» **WORK INSTRUCTION**: Exact retyping of the data: please keep every word and drop each picture.

(SOURCE MATERIAL begins)

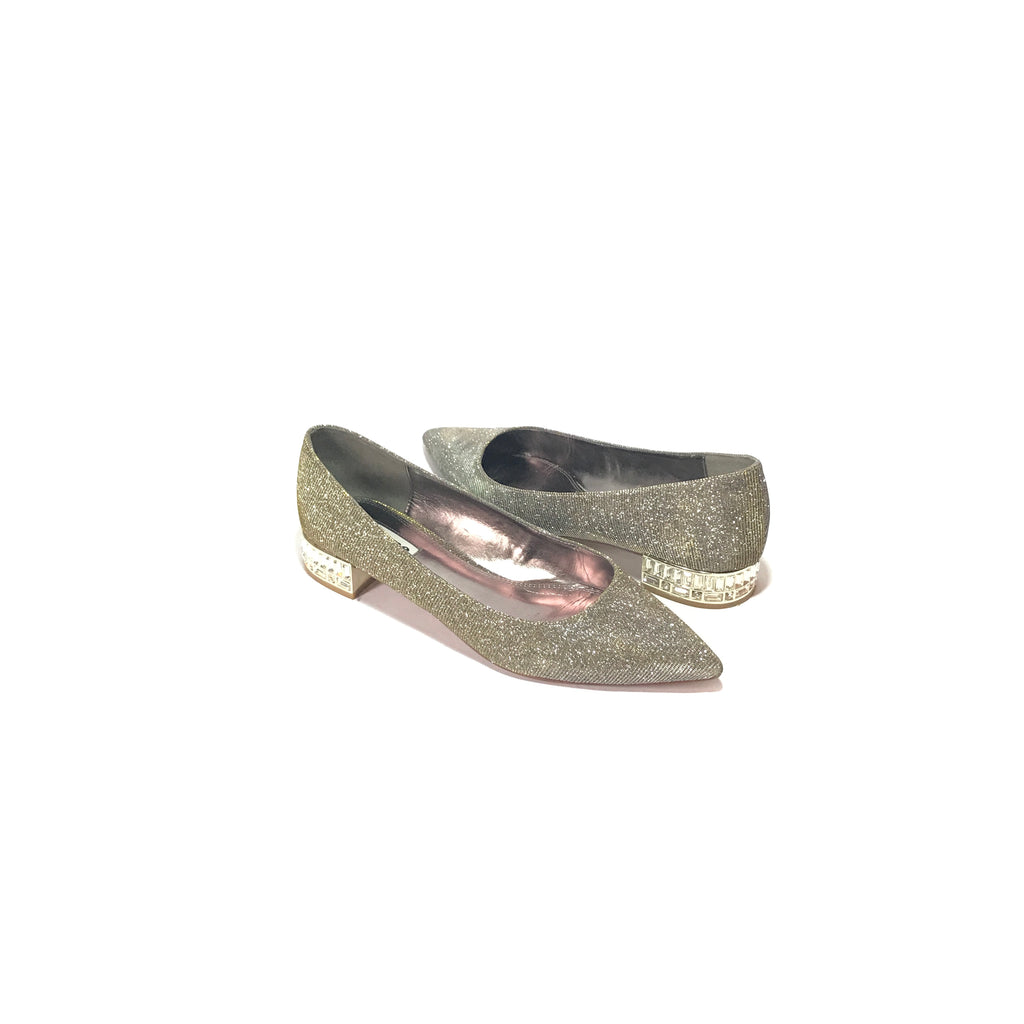 DUNE 'BELA' Glitter Jewelled Pointed Pumps | Like New |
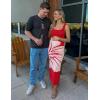 ZESICA Women’s 2026 Summer Spring Floral Maxi Dress Beach Vacation Casual Sleeveless Tank Knitted Bodycon Sweater Dresses(Red)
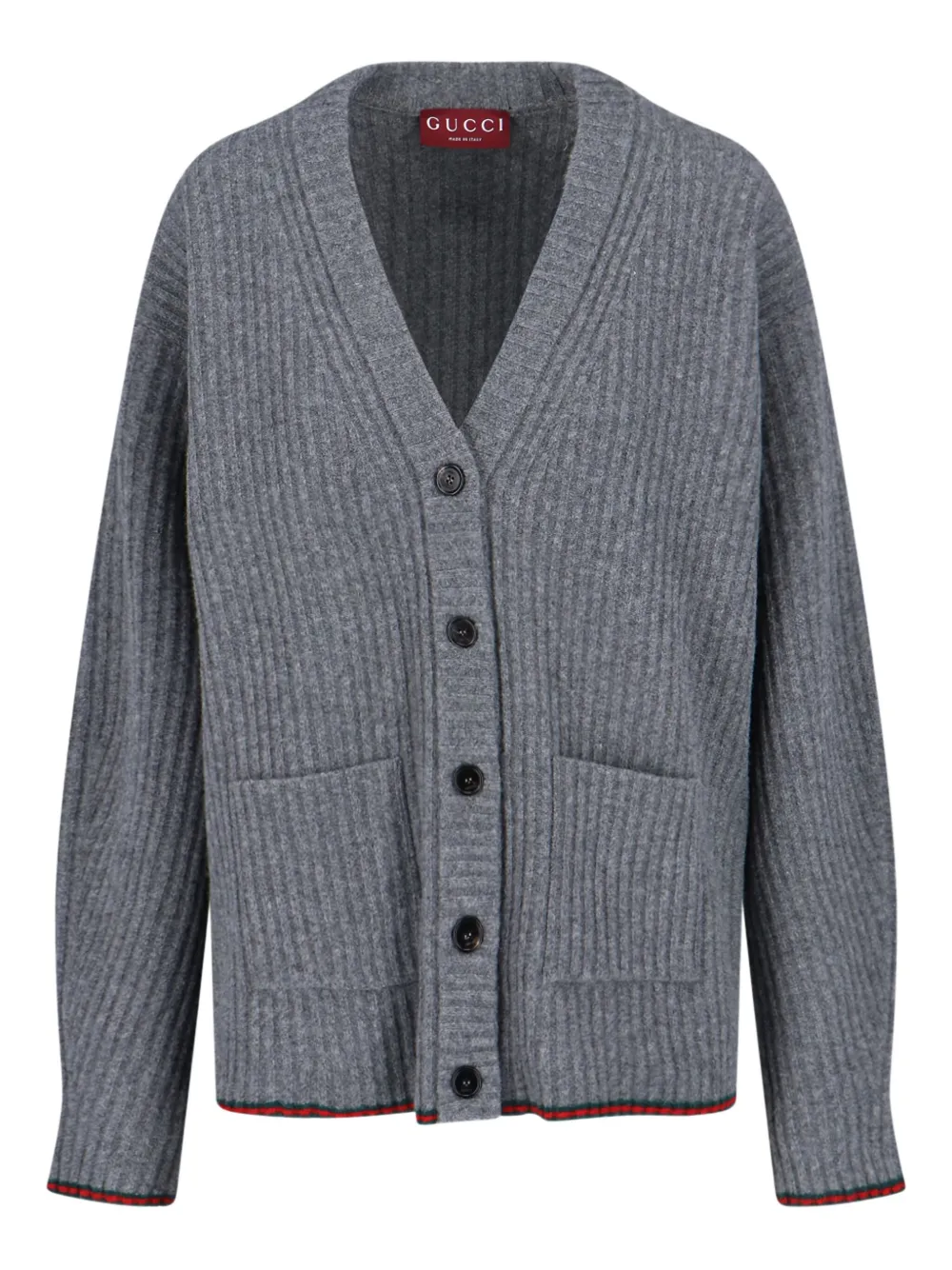 Gucci Womens Dusty Dark Grey Mc Oversized Rib Wool Knitted Cardigan Xs In Gray
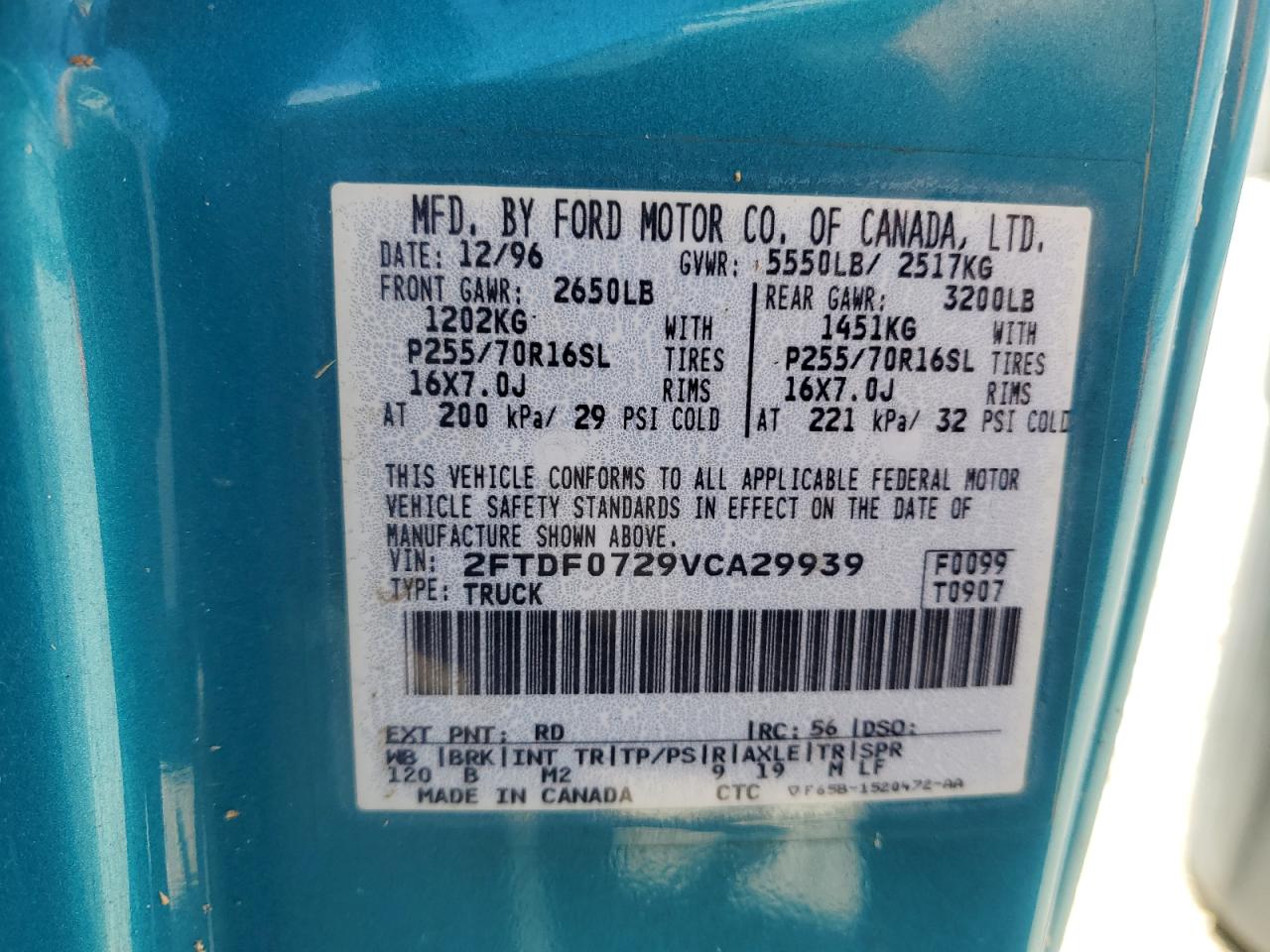 1997 Ford F150 VIN: 2FTDF0729VCA29939 Lot: 57573734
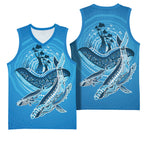 Aboriginal Ocean Whale Basketball Jersey Dot Art Dreamtime Tree of Life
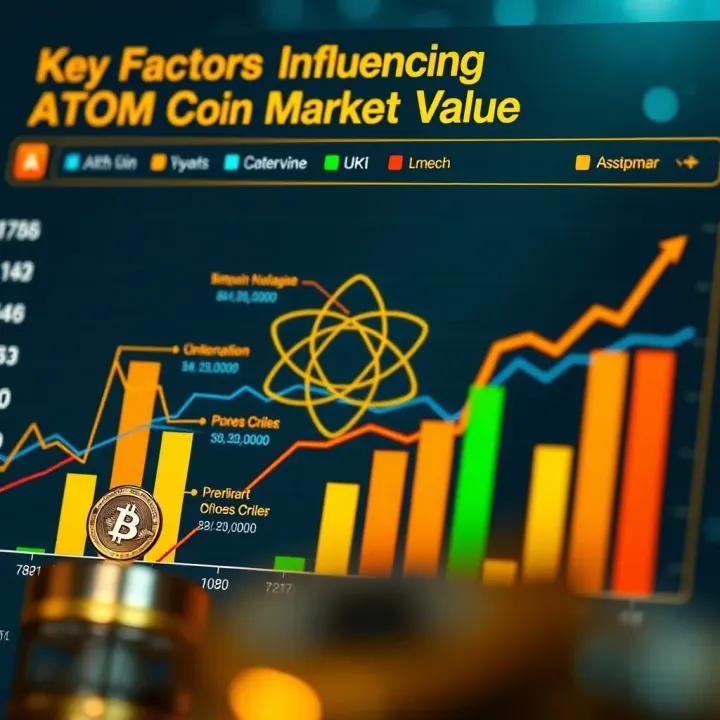 Chart illustrating key factors influencing ATOM coin's market value including technology updates and market sentiment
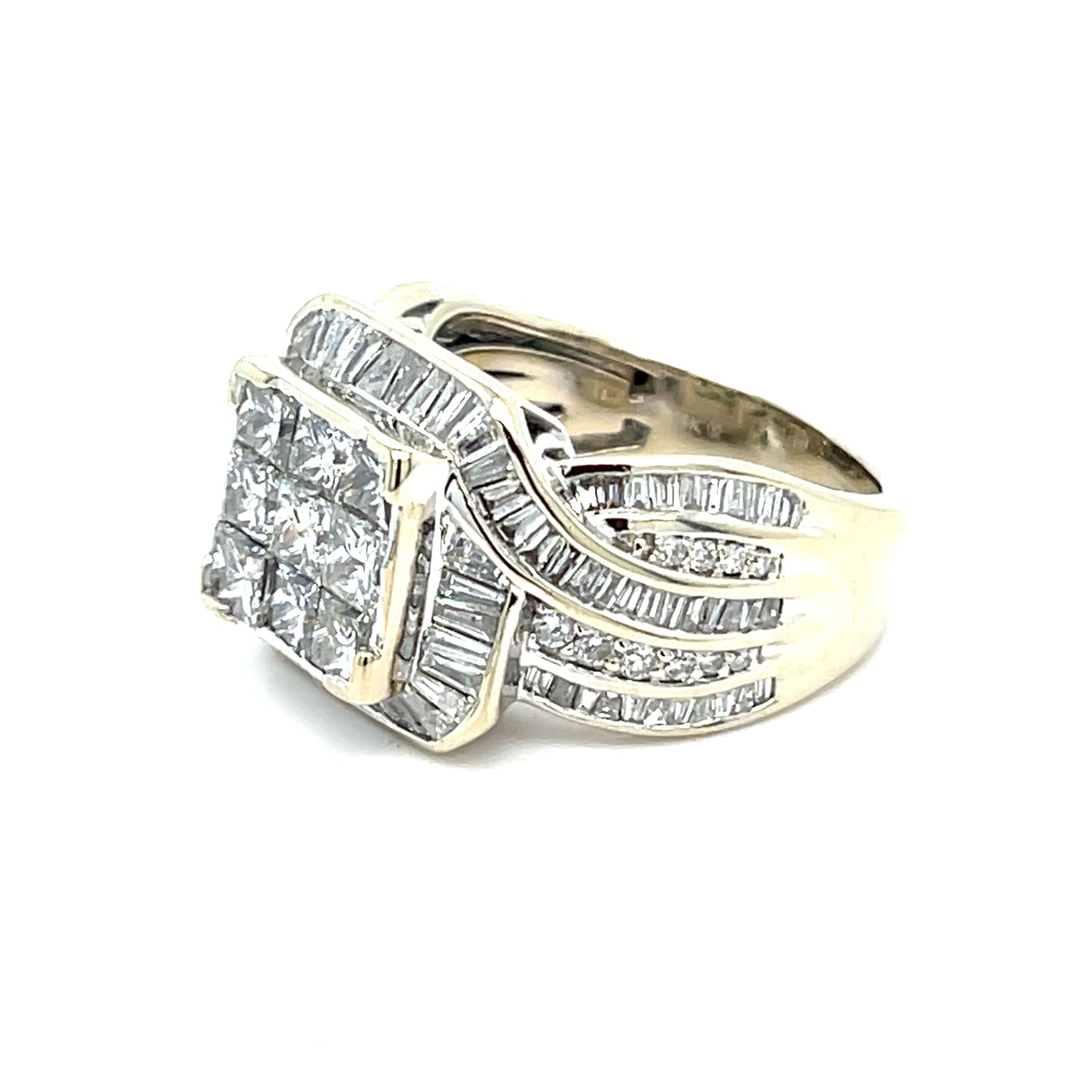 Estate 14K Women's White Gold Natural Diamond Cocktail Ring Size 6.5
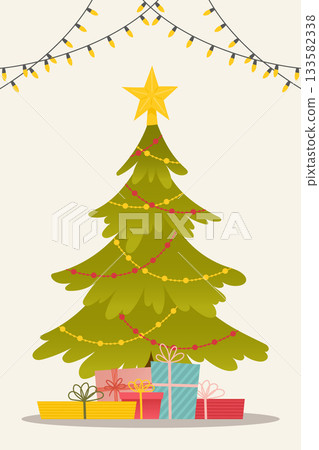Christmas Tree with Decorations and Gift Boxes. Merry Christmas and Happy New Year Christmas Tree with Decorations and Gift Boxes. Merry Christmas and Happy New Year 133582338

(SOURCE MATERIAL ends)

» **TASK RESULT**:
 DUNE 'BELA' Glitter Jewelled Pointed Pumps | Like New |
 ZESICA Women’s 2026 Summer Spring Floral Maxi Dress Beach Vacation Casual Sleeveless Tank Knitted Bodycon Sweater Dresses(Red)
 Gucci Womens Dusty Dark Grey Mc Oversized Rib Wool Knitted Cardigan Xs In Gray
 1997 Ford F150 VIN: 2FTDF0729VCA29939 Lot: 57573734
 Aboriginal Ocean Whale Basketball Jersey Dot Art Dreamtime Tree of Life
 Chart illustrating key factors influencing ATOM coin's market value including technology updates and market sentiment
 Estate 14K Women's White Gold Natural Diamond Cocktail Ring Size 6.5
Christmas Tree with Decorations and Gift Boxes. Merry Christmas and Happy New Year Christmas Tree with Decorations and Gift Boxes. Merry Christmas and Happy New Year 133582338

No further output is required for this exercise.